Why tribalism is going to adversely impact Climate Change?

Over the past decade, there has been an increase in “tribalism” and the need for people to be on a “side” or view about every topic. In the past, tribalism occurred in small groups within communities and cities, whether it was related to sports teams, politics, lifestyles and other interest groups. The internet age has increased people’s ability to express their views and provide information. The internet has also allowed greater interconnectedness of people through various platforms, which has led to the ability for interest groups to come together, whether it is to discuss topics, products,

Tribalism is not new on the internet; if you have ever been part of the early bulletin board system (bbs) you would have seen tribalism occur over sports, cars, products, and any other interest group. These bulletin boards have evolved on the internet into Facebook groups, and WhatsApp groups, which still act in the same way as they have members and moderators. However, Twitter, Instagram, TikTok, and other platforms are open platforms that allow anyone to publish information (true or false) beyond their close social groups and organisations.

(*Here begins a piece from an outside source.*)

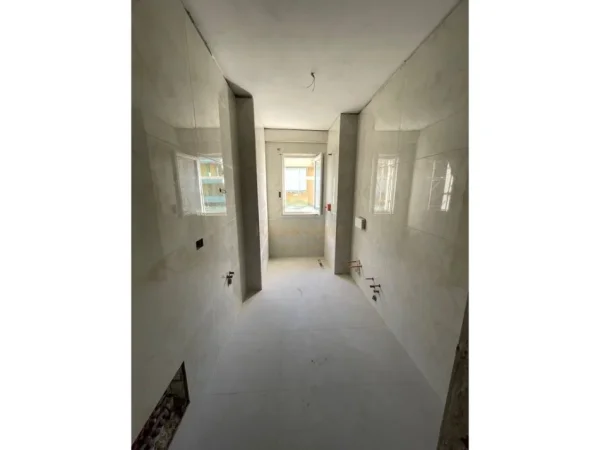 Tirane, shitet apartament 2+1 Kati 2, 82 m² 85.000 €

There is a growth in a trend of people’s inability (or laziness) to review the information and differentiate between opinion and information, which has led people to believe that an opinion is true. Often these opinions are compelling, piecing together false facts to appear to be compelling information. They, in turn, feel compelled to continue to spread the information (as truth) to their friends and followers as there is an increasing feeling that you need to inform people of the “truth”. These “truths” are then seen as fact, and when someone disagrees with the “truth” that they published, they reply and then the person who disputed the fact responds, and others join the conversation, and it turns into a tribal situation of “us and them”. A healthy discussion about topics is imperative to moving forward with knowledge and exploring ideas. However, there is an increasing disconnection between people being able to recognise the difference between fact and opinion. Many people end up in a tribe due to their belief that someone’s opinion littered with false facts is true, which becomes a belief and narrative of the tribe.

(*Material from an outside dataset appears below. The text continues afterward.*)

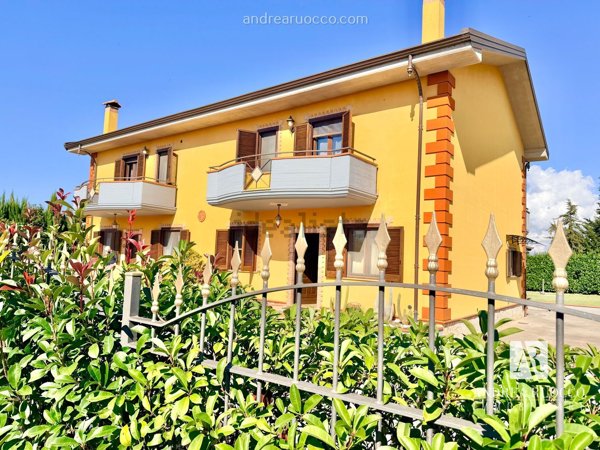 villa in vendita a Capaccio Paestum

Internet algorithms also play a part in pushing people to particular content (honeypot) due to a large amount of engagement that biased or false content often receives as people seek to either reinforce the narrative through anecdotal commentary or try to disprove the content through argumentative commentary. As this content receives an increase in engagement, it rises to the top of search listings and platform-curated feeds due to algorithms seeking to increase engagement (such as comments or sharing) and content go “viral” quickly due to an algorithm. This increases tribalism as people seek to share and like the same type of content.

The increasing trend of tribalism has already impacted the ability of governments and organisations to respond to climate change and move toward achieving reductions in carbon emissions, improving biodiversity, reducing poverty and so on has been a drag on the efforts by a few loud voices that seemingly are growing in popularity. We need to filter out the noise (often occurring on social media) and look to take action against climate change. There is no time to defend whether obvious problems and issues are true and occurring and take action. The solutions to problems can be simple or complex, and there is a need to discuss complex problems to ensure the proposed solution is the best response to the problem and its context.